ETL Pipeline is an architecture for running batch data processing pipelines using the extract, transform, load method. This architecture consists of the following components:
- Google Cloud Storage for landing source data
- Dataflow for performing transformations on the source data
- BigQuery as a destination for the transformed data
- Cloud Composer environment for orchestrating the ETL process
Get Started
Click on the following link to a copy of the source code in Cloud Shell. Once there, a single command will spin up a working copy of the application in your project..
ETL Pipeline components
The ETL Pipeline architecture makes use of several products. The following lists the components, along with more information on the components, including links to related videos, product documentation, and interactive walkthroughs.Scripts
The install script uses an executable written in go
and Terraform CLI tools to
take an empty project and install the application in it. The output should be a
working application and a url for the load balancing IP address.
./main.tf
Enable Services
Google Cloud Services are disabled in a project by default. In order to use any of the solutions here we have to activate the following:
- IAM — Manages identity and access for Google Cloud resources
- Storage — Service for storing and accessing your data on Google Cloud
- Dataflow — Managed service for executing a wide variety of data processing patterns
- BigQuery — Data platform to create, manage, share, and query data
- Composer — Manages Apache Airflow environments on Google Cloud
- Compute — Virtual machines and Networking Services (used by Composer)

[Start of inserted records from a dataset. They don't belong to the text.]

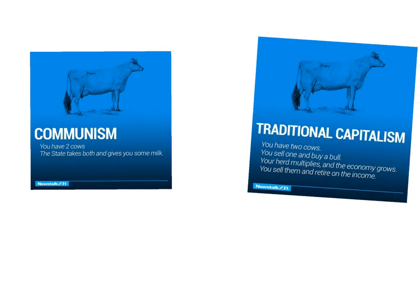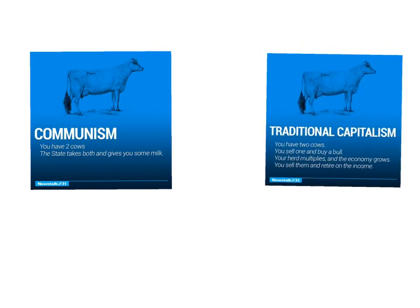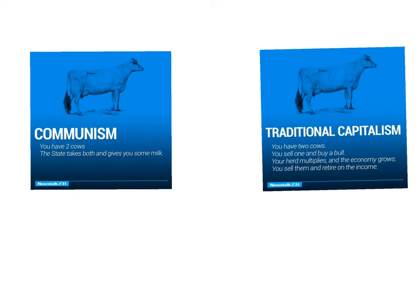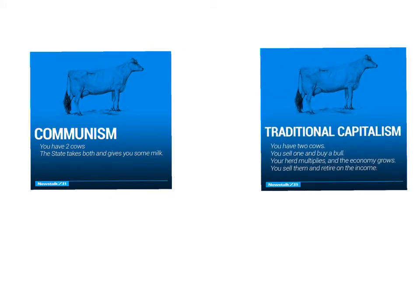The idea of traditional capitalism, on the other hand, is you own the cows. They're your private property. You sell one, you buy a bull, that herd multiplies, and now your economy grows, and you can sell that herd and retire on the income.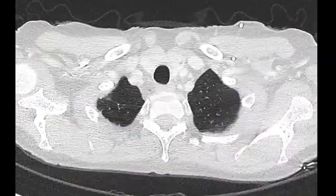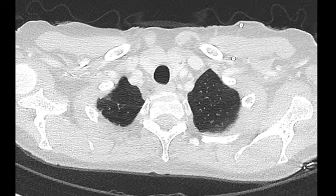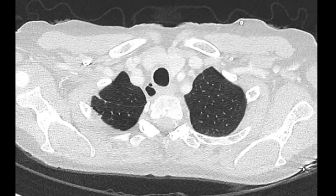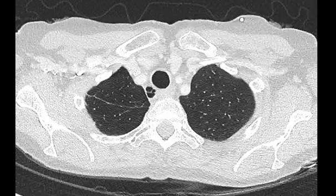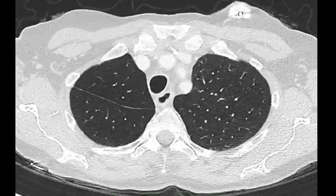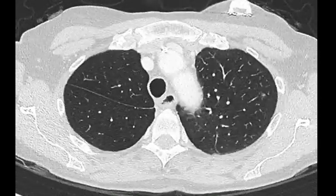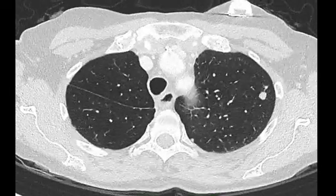Hi, it's Barton Jennings here. Thank you for asking me to have a look at this CT scan. This lady has a history of metastatic colorectal cancer and there are metastases in the lung. The question is, can bronchoscopic biopsy access these lesions for tissue for clinical trials?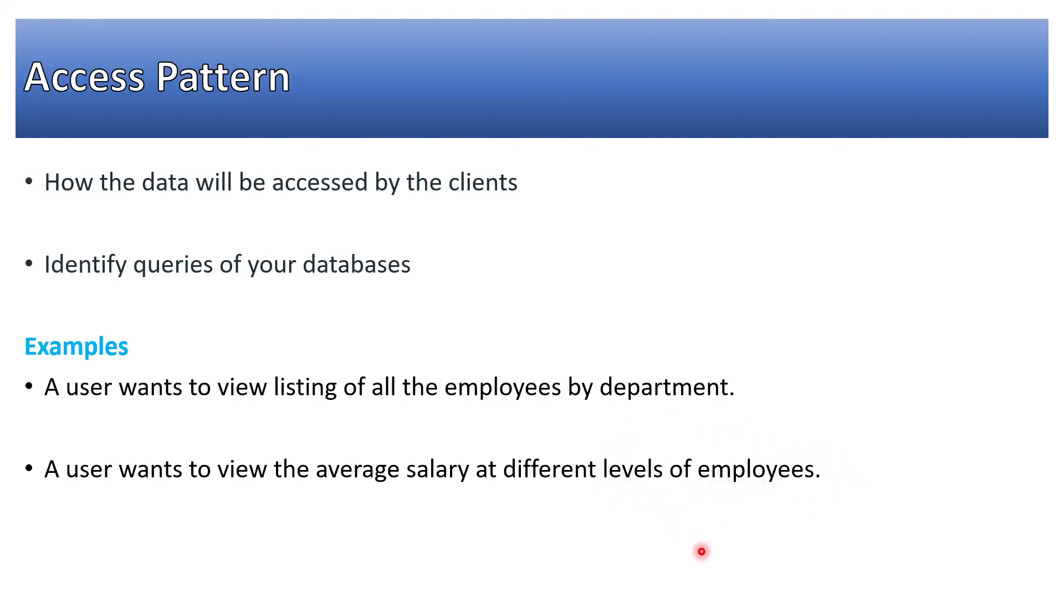Then only should we start designing the database or schema. So that is one important aspect in data modeling of MongoDB.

variable "gcp_service_list" {
description = "The list of apis necessary for the project"
type = list(string)
default = [
"dataflow.googleapis.com",
"compute.googleapis.com",
"composer.googleapis.com",
"storage.googleapis.com",
"bigquery.googleapis.com",
"iam.googleapis.com"
]
}
resource "google_project_service" "all" {
for_each = toset(var.gcp_service_list)
project = var.project_number
service = each.key
disable_on_destroy = false
}
Create service account
Creates service account to be used by Composer and Dataflow.
resource "google_service_account" "etl" {
account_id = "etlpipeline"
display_name = "ETL SA"
description = "user-managed service account for Composer and Dataflow"
project = var.project_id
depends_on = [google_project_service.all]
}
Assign roles
Grants roles needed to the service account, and grants the Cloud Composer v2 API Service Agent Extension role to the Cloud Composer Service Agent (required for Composer 2 environments).

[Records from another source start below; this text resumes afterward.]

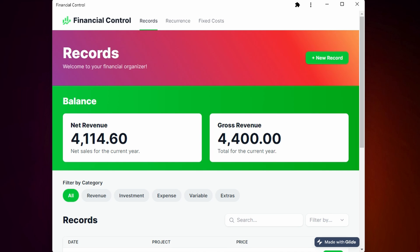Start by now improving your financial control of your company or your personal one. That's Financial Control. Thank you so much.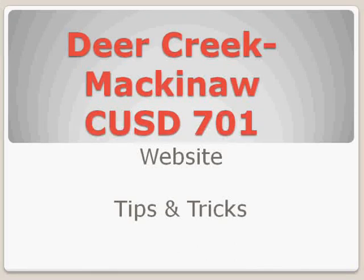Welcome to Deer Creek Mackinac CUSD 701 website tips and tricks. My name is Cassandra Bilyeu and I'll be leading you around the admin portion of our website, showing you some really useful tips and tricks.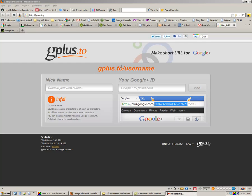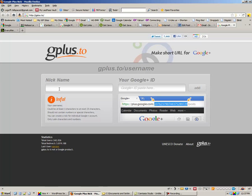So here's where you go: it's http://gplus.to and you need a nickname. That's what you're going to shorten your URL to. So your new URL for Google Plus will be gplus.to forward slash whatever you make your nickname.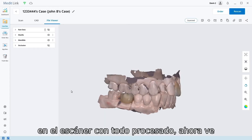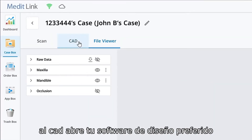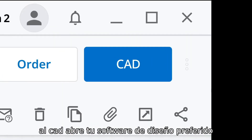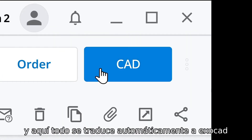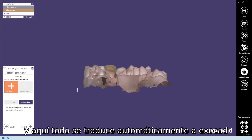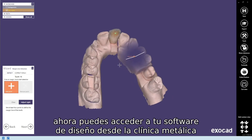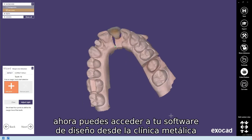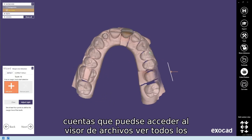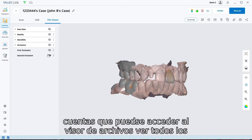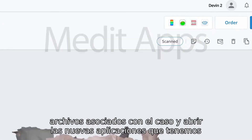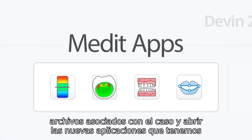With everything processed, you now go into CAD, open up your preferred design software, and everything is automatically translated into ExoCAD. You can access your design software from the MeditLink clinic accounts. You can go into file viewer, view all the files associated with the case, and open up the new applications.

variable "build_roles_list" { description = "The list of roles that Composer and Dataflow needs" type = list(string) default = [ "roles/composer.worker", "roles/dataflow.admin", "roles/dataflow.worker", "roles/bigquery.admin", "roles/storage.objectAdmin", "roles/dataflow.serviceAgent", "roles/composer.ServiceAgentV2Ext" ] }
resource "google_project_iam_member" "allbuild" {
project = var.project_id
for_each = toset(var.build_roles_list)
role = each.key
member = "serviceAccount:${google_service_account.etl.email}"

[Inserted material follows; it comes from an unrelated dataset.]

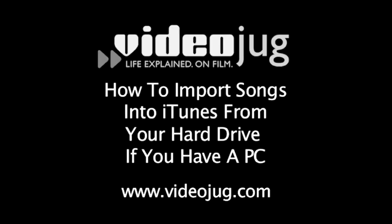How to import songs into iTunes from your hard drive if you have a PC. Hello and welcome to VideoJug.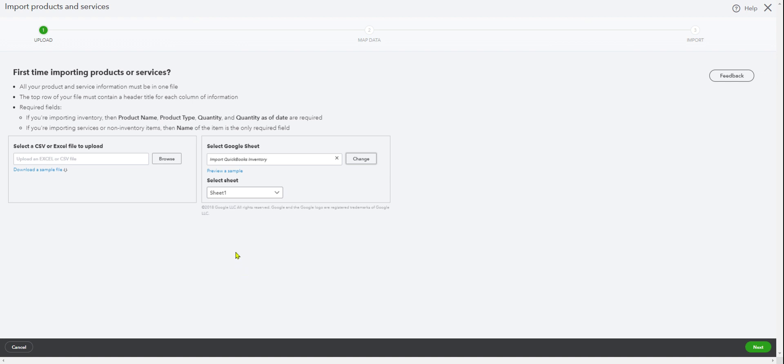I've attached the Google sheet in here. So I'm just going to click Next.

depends_on = [google_project_service.all,google_service_account.etl]
}
resource "google_project_iam_member" "composerAgent" {
project = var.project_id
role = "roles/composer.ServiceAgentV2Ext"
member = "serviceAccount:service-${var.project_number}@cloudcomposer-accounts.iam.gserviceaccount.com"
depends_on = [google_project_service.all]
}
Create Composer environment
Airflow depends on many micro-services to run, so Cloud Composer provisions the Google Cloud components to run your workflows. These components are collectively known as a Cloud Composer environment.
# Create Composer environment
resource "google_composer_environment" "example" {
project = var.project_id
name = "example-environment"
region = var.region
config {
software_config {
image_version = "composer-2.0.12-airflow-2.2.3"
env_variables = {
AIRFLOW_VAR_PROJECT_ID = var.project_id
AIRFLOW_VAR_GCE_ZONE = var.zone
AIRFLOW_VAR_BUCKET_PATH = "gs://${var.basename}-${var.project_id}-files"
}
}
node_config {
service_account = google_service_account.etl.name
}
}
depends_on = [google_project_service.all, google_service_account.etl, google_project_iam_member.allbuild, google_project_iam_member.composerAgent]
}
Create BigQuery dataset and table
Creates a dataset and table in BigQuery to hold the processed data and to make it available for analytics.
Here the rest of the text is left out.